Tomb Raider 8
As much as Xbox World dug Legend (especially Lara's new yummy mummy guise), it was always an uncomfortable halfway house between old gen and next gen - both in graphical and gameplay terms. Still, execrable bike riding sections aside, at least new developers Crystal Dynamics managed to thoroughly nail those platforming mechanics which, let's be honest, were slowly driving a stake between Lara's heaving, voluptuous... Well, yes. But what's the next step?
Truthfully, most Raider fans would be chuffed to bits if this eagerly-awaited eighth instalment simply melded the perfectly poised, cerebral genius that comprised Anniversary's level design with - say - the state-of-the-art animation flaunted by Altair in Assassin's Creed. The reality? Legend's idea of a more high octane Lara, who dived with relish into large-scale pitched firefights, bounded around like an adrenaline-junkie during chase sections and went in big-style into the occasional skyscraper-sized boss ruck, will be continued in the next game. But, puzzles will also play a bigger part, in a nod to the classic Lara games of yore.
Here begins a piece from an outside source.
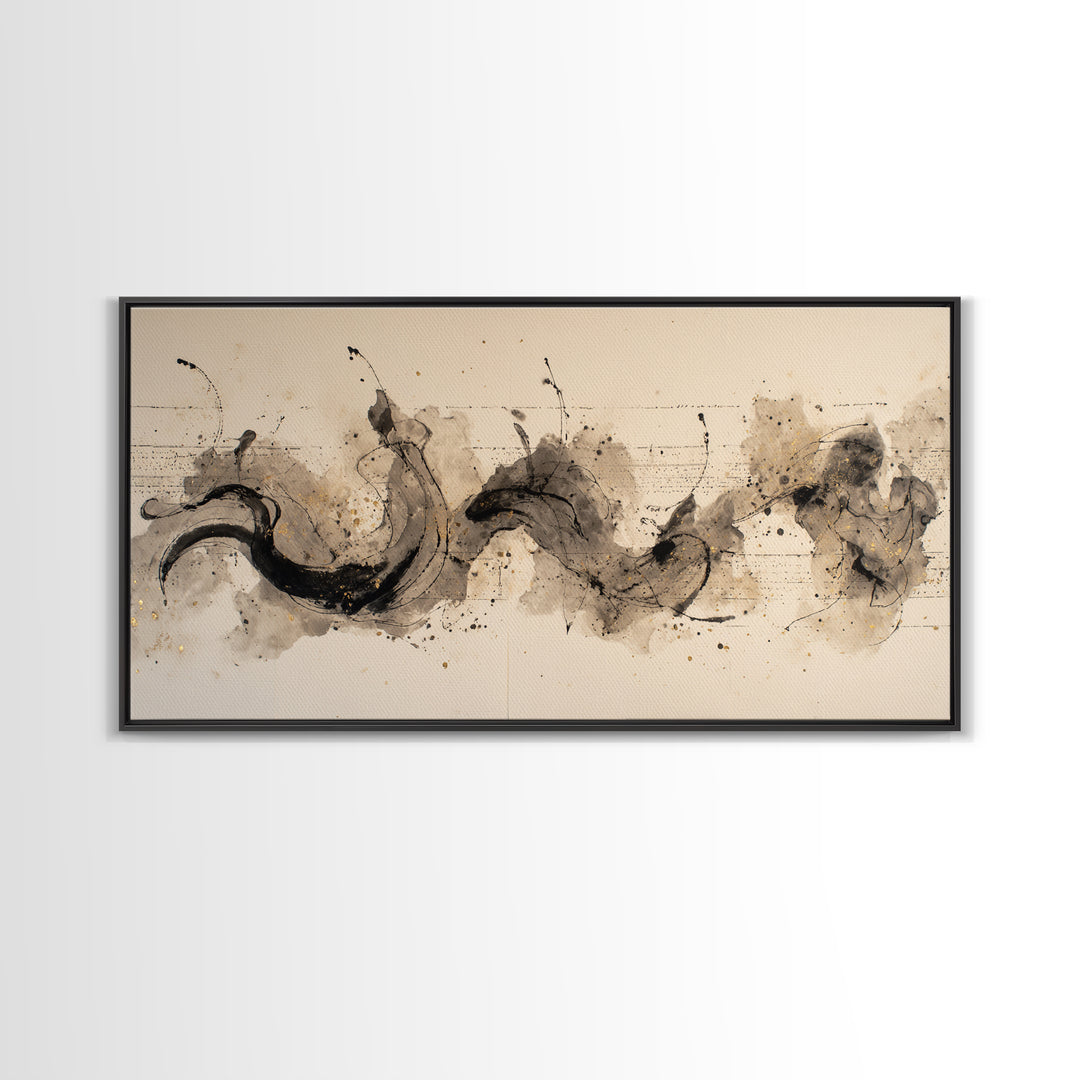 Large Sweeping Black Ink Gesture Like a Canvas Print, Calligraphy Art, Wall Art, Living Room Decor, Fine Art, Script, CAL-2x1-21
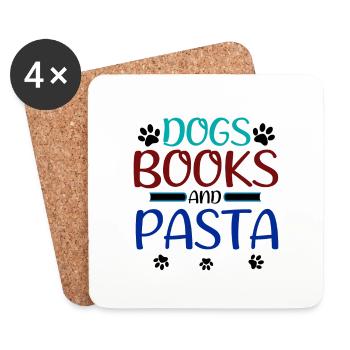 Hundeliebhaber Geschenk Hunde Bücher und Pasta Esser Geschenke - Untersetzer (4er-Set) - Weiß - Vorne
The first game was slick, but lacked the epic feel of the previous games in the series, so Crystal Dynamics will be looking to God of War and Prince of Persia for inspiration. Rumour is, there may even be some faffing about with gravity when Lara makes her inevitable journey to the dreamy Isle of Avalon in her search for her missing mater. Oh, and proper next gen sweat. Mmm...
Developers IO have only twice strayed from the series that made their name. Once for Xbox squad shooter Freedom Fighters, and now with this month's Kane & Lynch - and both times the reception has been a little... disappointing.
Freedom Fighters scored well, but failed to sell; and Kane & Lynch... well, check out the score on page 67 - and we'll have to see how it sells. Certainly, neither have met, or are likely to meet, with the critical and commercial success of Hitman, a multi-million-shifting franchise that's so big it's even sprouted wings and headed for Hollywood.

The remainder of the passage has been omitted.